これは実に2015年にしていた研究で、2015年当時であれば多分まだそこそこ新規性もあっていい話だったのだが、2016年のうちに通すことができず、卒業に合わせて arXiv に更新版を出して終わりでいいかと思っていたら少しずつリファーが増えてきたので、それならやはり国際会議に出しておこうと思って出してみた、という経緯である。今考えてみると、2016年に本気でがんばって COLING 2016 に通しておくべきだった(内容的には、その時点であれば通せる内容だった)のだが、原稿のクオリティ的にはあの時点では通せなかった(修士論文を書いている過程で原稿的によくなった)と思うし、あとから考えても仕方がない。

説明部分は練習すればいいので対応可能だが、どのような質問が来るか分からない(そして、すでに1年以上前の研究なので答えにくい内容が含まれるであろう)質疑応答で困るかなと思ってスタンバイしていたら、やっぱり質疑で答えられない質問があったので、代わりに回答する。これで行った甲斐もあった。

ランチは香港の現地の芝居というのがやっていたので、後ろから松本先生を盗撮。学生の話では「これまで参加したどの国際会議よりもコーヒーブレイクやランチがしょぼい」という感想で、それは確かに NAACL なんかと比較すると(IJCNLP ですら)見劣りするだろうが、この規模の国際会議はこんなもん、と思ったりする。
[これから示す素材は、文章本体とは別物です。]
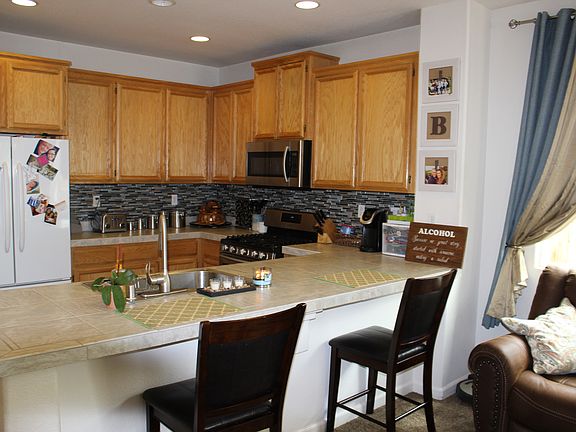 3rd image of 1856 Dawnelle Way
自分自身このくらいの規模の会議は運営側に回る可能性があるわけで、運営側の手間やコストを考えると、むしろこの予算でよくやっているな、という印象であるが……(この国際会議の特殊事情としては、言語系と工学系の両方の人が来る国際会議で、言語系の人は自腹のこともあるので、参加費をたくさんとって豪華にする、というのも難しいだろう)
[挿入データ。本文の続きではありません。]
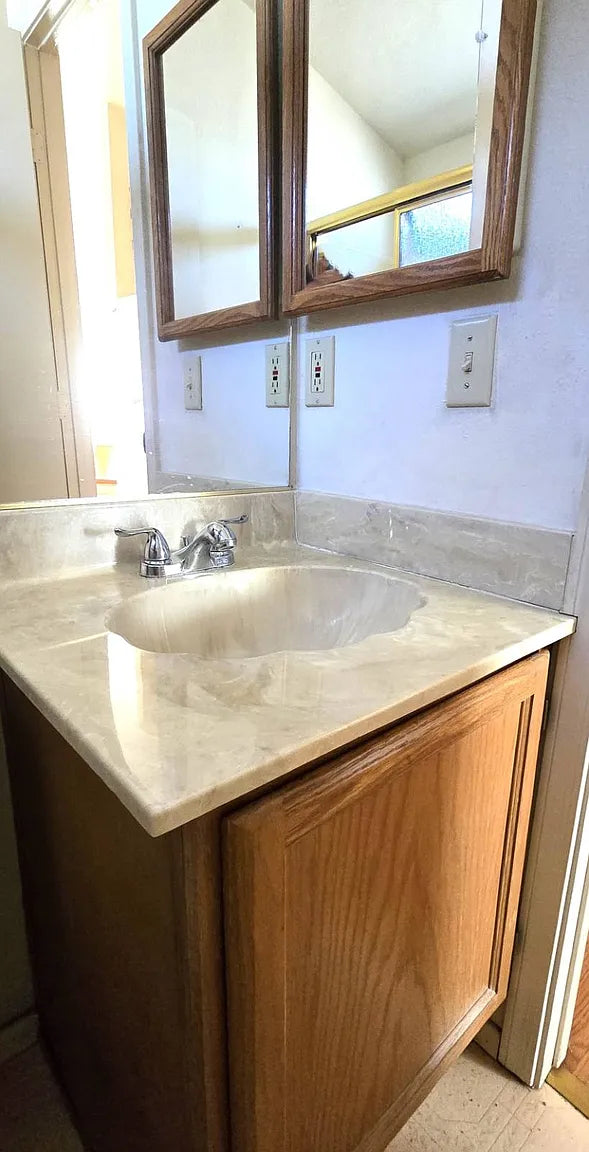 Palm Drive Court, Space D13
午後はポスター発表の時間、うちの研究室の博士後期課程を受けたいと言っていた香港の学生がいたので、香港に来る前に時間を調整し、少し時間を取って会ってみた。本人はかなりうちの研究室について調べてくれたりしていたし、研究もしっかりできるようなのだが、家庭の事情など別の理由であまり来る可能性が高くなさそう(最近はだいたい予測できるようになってきた)。受験希望者に関しては、できるだけ話さないといけない人数を最小化したいのであるが、話してみないと分からないことが色々あるのである。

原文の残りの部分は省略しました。